I'm going to be sharing some notes here from my research into literary utopias and dystopias for coursework I'm working on at UW-M for my PhD. Why? Because it's the 21st century, baby, and otherwise all of this will just rattle off of the inside of my head or the walls of the library as I mumble words like "exegesis" and "hegemony" between the occasional forlorn, wordless wail. So gather 'round. Trust me, there's nothing out there in the rest of the internet except cat posters and Facebook invitations to parties in cities you don't live in.
Some questions I asked, and some partial answers:
1) Utopia = "no place" and dystopia = "broken place". If they're not opposites, does this mean they're two sides of the same concept?

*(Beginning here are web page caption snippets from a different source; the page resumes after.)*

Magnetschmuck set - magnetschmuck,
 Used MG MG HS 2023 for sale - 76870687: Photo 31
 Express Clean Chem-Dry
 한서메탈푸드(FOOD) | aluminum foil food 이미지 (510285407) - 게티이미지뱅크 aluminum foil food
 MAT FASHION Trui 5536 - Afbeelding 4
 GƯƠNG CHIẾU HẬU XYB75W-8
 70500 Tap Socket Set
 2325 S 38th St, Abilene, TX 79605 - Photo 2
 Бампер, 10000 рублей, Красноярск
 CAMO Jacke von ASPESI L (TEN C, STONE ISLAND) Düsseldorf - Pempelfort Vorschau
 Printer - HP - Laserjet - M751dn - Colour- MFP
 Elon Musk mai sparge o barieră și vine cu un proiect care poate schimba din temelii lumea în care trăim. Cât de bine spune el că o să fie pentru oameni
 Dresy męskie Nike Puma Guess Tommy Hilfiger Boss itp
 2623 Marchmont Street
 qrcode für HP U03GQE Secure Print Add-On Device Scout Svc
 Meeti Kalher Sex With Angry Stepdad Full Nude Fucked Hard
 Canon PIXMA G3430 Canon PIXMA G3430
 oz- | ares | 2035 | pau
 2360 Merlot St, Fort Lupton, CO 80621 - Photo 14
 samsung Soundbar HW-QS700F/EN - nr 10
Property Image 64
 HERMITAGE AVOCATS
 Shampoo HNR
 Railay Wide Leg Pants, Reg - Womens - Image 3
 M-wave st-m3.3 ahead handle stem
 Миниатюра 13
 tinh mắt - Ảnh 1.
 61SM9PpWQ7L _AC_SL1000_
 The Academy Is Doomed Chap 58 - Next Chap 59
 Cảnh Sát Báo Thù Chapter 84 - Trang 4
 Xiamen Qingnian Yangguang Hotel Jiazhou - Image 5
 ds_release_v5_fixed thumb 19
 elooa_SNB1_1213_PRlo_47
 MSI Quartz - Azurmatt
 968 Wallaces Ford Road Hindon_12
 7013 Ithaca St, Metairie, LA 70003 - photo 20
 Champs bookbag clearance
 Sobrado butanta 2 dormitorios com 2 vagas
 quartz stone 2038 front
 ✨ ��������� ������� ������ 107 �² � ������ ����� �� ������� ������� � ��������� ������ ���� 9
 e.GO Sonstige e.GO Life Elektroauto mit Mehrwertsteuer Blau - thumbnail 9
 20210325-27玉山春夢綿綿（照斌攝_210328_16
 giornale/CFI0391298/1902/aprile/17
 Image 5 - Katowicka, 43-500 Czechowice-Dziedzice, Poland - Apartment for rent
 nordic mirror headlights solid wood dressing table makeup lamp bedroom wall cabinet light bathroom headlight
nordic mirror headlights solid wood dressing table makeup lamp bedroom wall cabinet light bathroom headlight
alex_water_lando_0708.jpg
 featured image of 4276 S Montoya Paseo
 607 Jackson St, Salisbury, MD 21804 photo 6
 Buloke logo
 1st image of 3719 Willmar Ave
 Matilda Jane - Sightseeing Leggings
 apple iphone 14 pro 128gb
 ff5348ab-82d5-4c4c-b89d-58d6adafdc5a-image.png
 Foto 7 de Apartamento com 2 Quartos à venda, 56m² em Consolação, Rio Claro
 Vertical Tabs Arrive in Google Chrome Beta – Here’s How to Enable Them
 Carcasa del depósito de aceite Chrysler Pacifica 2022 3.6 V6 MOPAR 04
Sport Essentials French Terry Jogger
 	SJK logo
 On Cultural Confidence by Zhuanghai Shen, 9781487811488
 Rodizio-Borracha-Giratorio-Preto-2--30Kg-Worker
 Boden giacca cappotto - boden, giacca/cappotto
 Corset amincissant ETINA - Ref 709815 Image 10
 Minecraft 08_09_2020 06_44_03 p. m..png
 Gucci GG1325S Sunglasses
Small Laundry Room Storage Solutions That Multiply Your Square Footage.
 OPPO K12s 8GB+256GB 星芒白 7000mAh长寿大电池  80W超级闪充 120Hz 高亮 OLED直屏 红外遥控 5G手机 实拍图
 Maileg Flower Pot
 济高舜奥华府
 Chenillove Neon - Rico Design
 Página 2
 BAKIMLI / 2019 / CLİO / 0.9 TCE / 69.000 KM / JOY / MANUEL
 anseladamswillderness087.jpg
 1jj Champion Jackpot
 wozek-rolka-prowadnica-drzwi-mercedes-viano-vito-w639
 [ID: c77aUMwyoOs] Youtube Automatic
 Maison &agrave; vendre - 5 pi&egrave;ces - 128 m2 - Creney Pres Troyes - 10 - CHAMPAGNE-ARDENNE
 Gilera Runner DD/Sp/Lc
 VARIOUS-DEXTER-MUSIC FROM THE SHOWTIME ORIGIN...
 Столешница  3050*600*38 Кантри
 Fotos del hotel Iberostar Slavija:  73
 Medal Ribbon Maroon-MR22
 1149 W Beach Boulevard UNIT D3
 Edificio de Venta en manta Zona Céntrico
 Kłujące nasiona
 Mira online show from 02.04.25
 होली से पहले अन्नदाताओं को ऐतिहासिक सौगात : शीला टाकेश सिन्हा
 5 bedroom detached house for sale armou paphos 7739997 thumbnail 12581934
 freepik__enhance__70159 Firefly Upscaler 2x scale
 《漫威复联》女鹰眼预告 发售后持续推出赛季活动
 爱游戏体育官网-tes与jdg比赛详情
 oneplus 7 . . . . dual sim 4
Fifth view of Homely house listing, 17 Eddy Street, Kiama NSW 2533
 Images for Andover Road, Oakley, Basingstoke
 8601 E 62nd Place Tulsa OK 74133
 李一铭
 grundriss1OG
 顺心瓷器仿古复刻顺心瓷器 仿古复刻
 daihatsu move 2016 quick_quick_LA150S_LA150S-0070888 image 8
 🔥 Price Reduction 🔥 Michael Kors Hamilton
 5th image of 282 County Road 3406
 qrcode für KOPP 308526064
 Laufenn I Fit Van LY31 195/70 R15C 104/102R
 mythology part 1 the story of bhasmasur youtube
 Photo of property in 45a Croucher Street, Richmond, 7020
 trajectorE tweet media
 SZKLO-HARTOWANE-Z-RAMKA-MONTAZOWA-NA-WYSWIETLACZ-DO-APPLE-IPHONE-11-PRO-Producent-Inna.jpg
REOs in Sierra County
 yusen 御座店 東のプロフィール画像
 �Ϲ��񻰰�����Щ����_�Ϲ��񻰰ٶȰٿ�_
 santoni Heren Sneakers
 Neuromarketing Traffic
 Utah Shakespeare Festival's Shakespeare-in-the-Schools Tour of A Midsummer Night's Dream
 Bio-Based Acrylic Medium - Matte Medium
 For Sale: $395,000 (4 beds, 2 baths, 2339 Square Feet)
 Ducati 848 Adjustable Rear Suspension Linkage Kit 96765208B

A) I think they utopias and dystopias are both forms of criticism, often satirical, of the present-day world. A utopia points out the ways in which our current social world could be better, and a dystopia points out the ways in which trends in our current social world could lead us toward a future that is worse. At their heart, both story types are talking about the future, and both are criticizing the present.
2) How extensively do dystopias draw on apocalyptic mythology or (post-Darwin) acceptance of the universal struggle for existence?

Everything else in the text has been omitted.